Research In Motion Ltd.'s (RIMM, RIM.T) fiscal third-quarter earnings rose 45%, topping its own targets, as revenue increased and the company said it shipped a record number of its BlackBerry smartphones. The company also forecast current-quarter earnings and revenue above analysts' view. Shares rose 2.7% premarket to $60.85.
Accenture PLC's (ACN) fiscal first-quarter earnings rose 20%, beating analysts' estimates, as the company's revenue improved. Accenture also raised its current-year forecast and gave a current-quarter revenue view that was above analysts' estimate.
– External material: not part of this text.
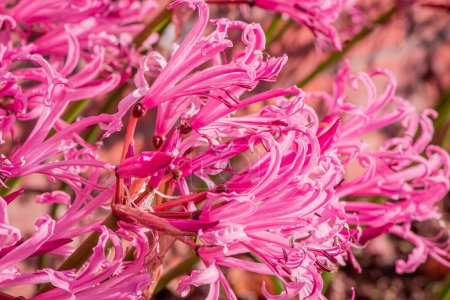 Téléchargez les photos : Photo de fleurs dans le jardin d'automne - en image libre de droit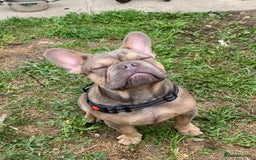 French Bulldog dogs for sale: French bulldog for sale  - Image 2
Shares rose 4.5% to $48.75 premarket.
Take-Two Interactive Software Inc. (TTWO) swung to a fiscal fourth-quarter profit as the company posted sharply higher sales of its critically acclaimed titles. The videogame maker gained 6.4% to $12.70 premarket.
Smart Modular Technologies WWH Inc.'s (SMOD) fiscal first-quarter earnings jumped 74%, with adjusted results topping its own forecasts, as sales increased sharply. But the company also forecast current-quarter earnings below analysts' estimate.
Quiksilver Inc.'s (ZQK) fiscal fourth-quarter loss sharply widened as the outdoor-sports outfitter booked almost $45 million in charges and saw revenue slide again. In the just-begun fiscal year, Quiksilver expects slight growth in revenue, though it warned visibility is limited. For the current quarter, it expects revenue to fall about 5%. Analysts polled by Thomson Reuters projected flat sales for the year and a 6% drop.
Franklin Resources Inc. (BEN) boosted its quarterly dividend and announced plans to buy back up to an additional 10 million shares, joining the ranks of companies looking to return value to shareholders.
Pilgrim's Pride Corp. (PPC) appointed poultry veteran William W. Lovette as chief executive to succeed Don Jackson, who is departing to take the top post at JBS USA, the poultry producer's parent.
Prestige Brands Holdings Inc. (PBH) agreed to buy the Dramamine brand of motion-sickness medicine from Johnson & Johnson (JNJ) unit McNeil-PPC Inc. for $76 million cash.
Steelcase Inc.'s (SCS) fiscal third-quarter earnings rose more than expected from the office-furniture company's break-even bottom line a year earlier, as revenue gains bested its guidance.
Yahoo Inc. (YHOO) said on Thursday it is planning to shut down several "underperforming" and "non-core" Web properties as it continues a years-long turnaround effort.